*WHAT YOU ARE ASKED TO DO*
Since the pictures are not wanted, copy only the text of every record exactly.

[Brief descriptive captions]
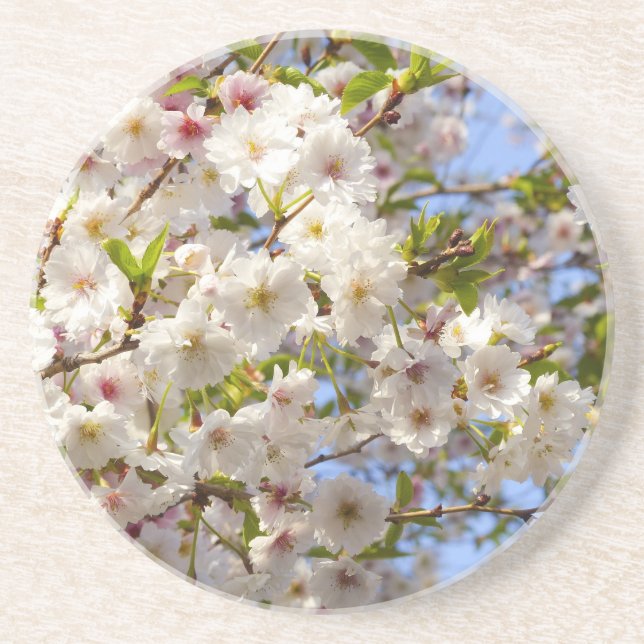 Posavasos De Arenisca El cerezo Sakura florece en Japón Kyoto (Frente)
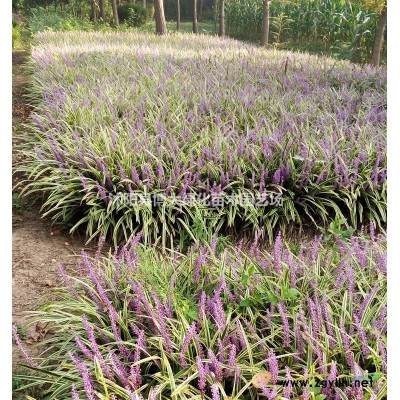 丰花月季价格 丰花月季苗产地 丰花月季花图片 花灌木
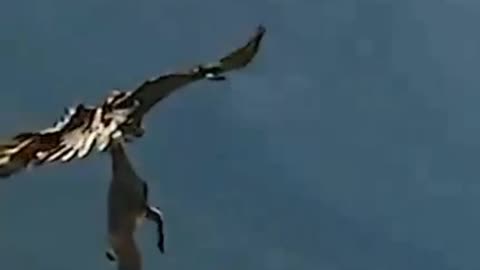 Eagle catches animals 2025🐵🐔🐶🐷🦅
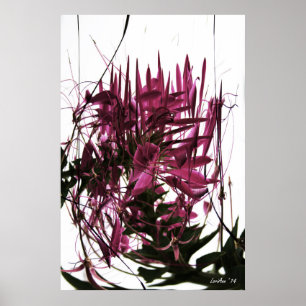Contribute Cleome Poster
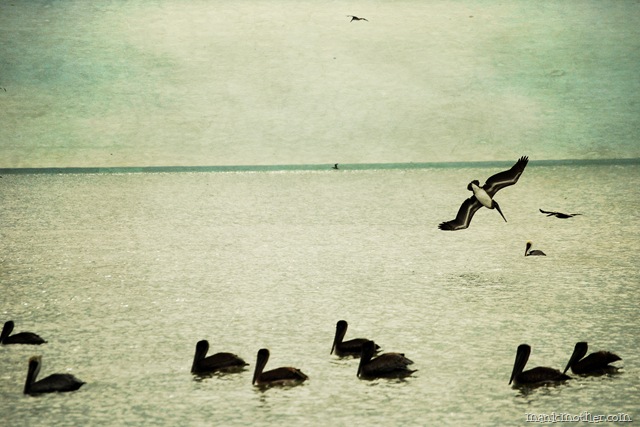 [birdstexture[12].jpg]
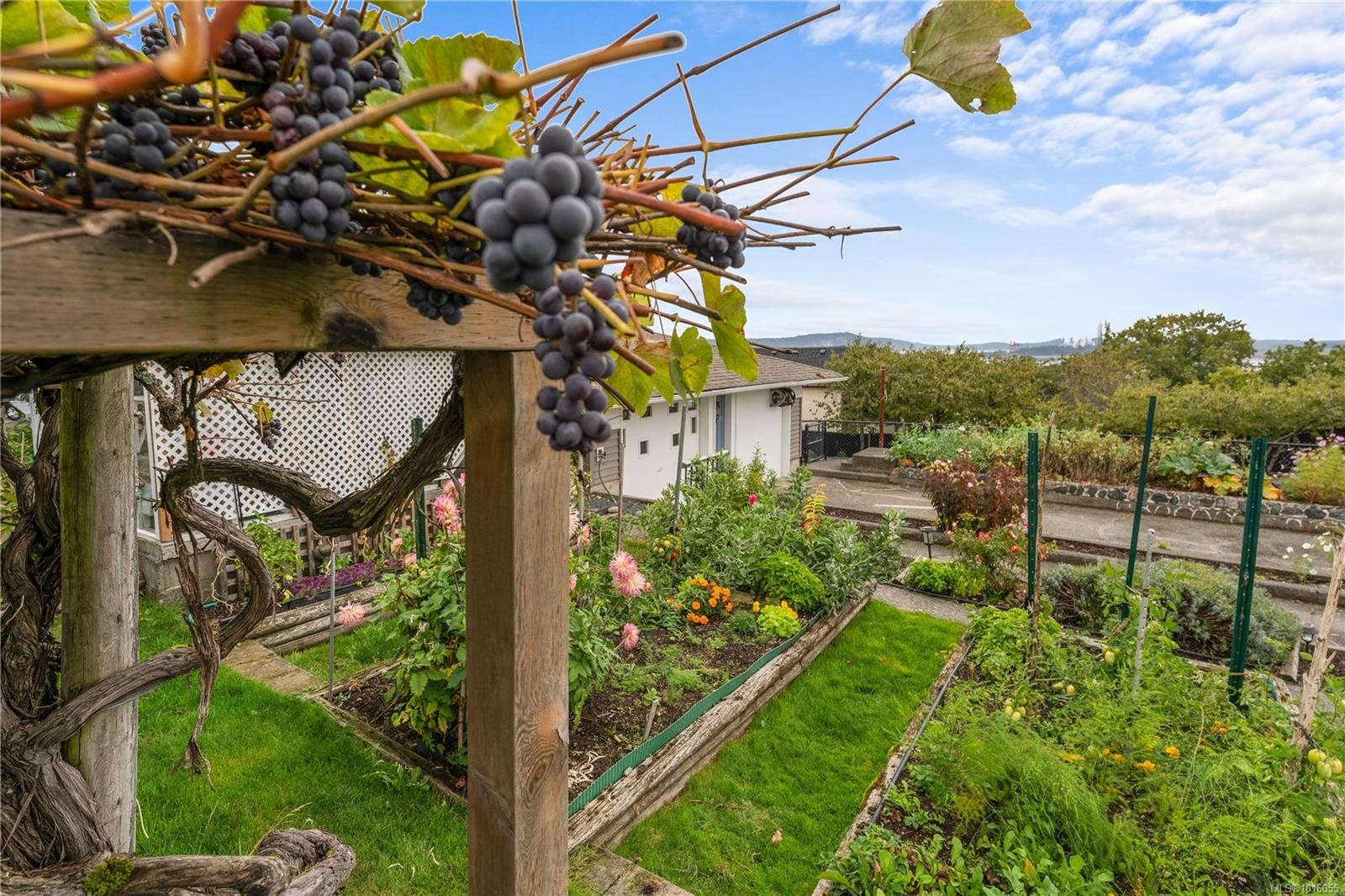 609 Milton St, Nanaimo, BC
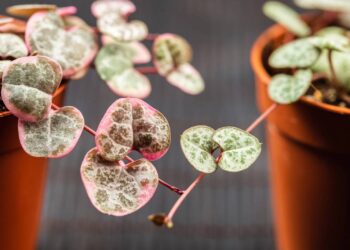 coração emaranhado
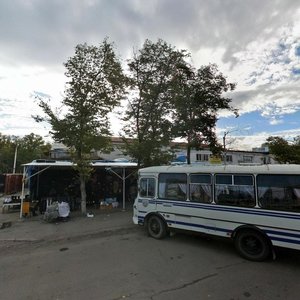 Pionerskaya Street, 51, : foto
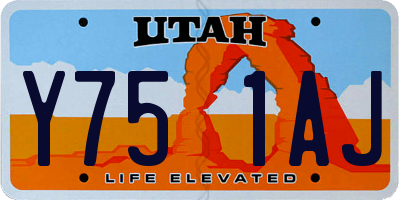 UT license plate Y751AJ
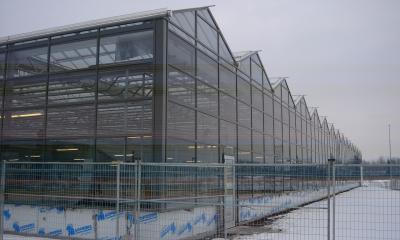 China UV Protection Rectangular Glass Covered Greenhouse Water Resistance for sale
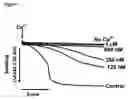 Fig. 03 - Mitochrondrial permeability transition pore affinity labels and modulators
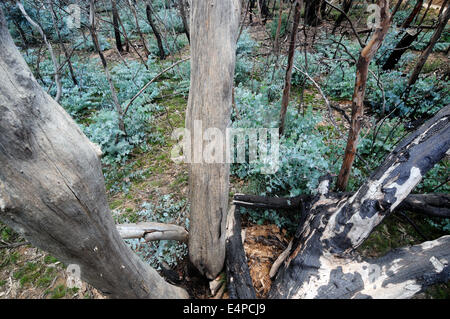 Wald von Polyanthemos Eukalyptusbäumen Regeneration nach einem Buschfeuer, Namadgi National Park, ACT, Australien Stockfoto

*RESULT*
 Posavasos De Arenisca El cerezo Sakura florece en Japón Kyoto (Frente)
 丰花月季价格 丰花月季苗产地 丰花月季花图片 花灌木
 Eagle catches animals 2025🐵🐔🐶🐷🦅
Contribute Cleome Poster
 [birdstexture[12].jpg]
 609 Milton St, Nanaimo, BC
 coração emaranhado
 Pionerskaya Street, 51, : foto
 UT license plate Y751AJ
 China UV Protection Rectangular Glass Covered Greenhouse Water Resistance for sale
 Fig. 03 - Mitochrondrial permeability transition pore affinity labels and modulators
 Wald von Polyanthemos Eukalyptusbäumen Regeneration nach einem Buschfeuer, Namadgi National Park, ACT, Australien Stockfoto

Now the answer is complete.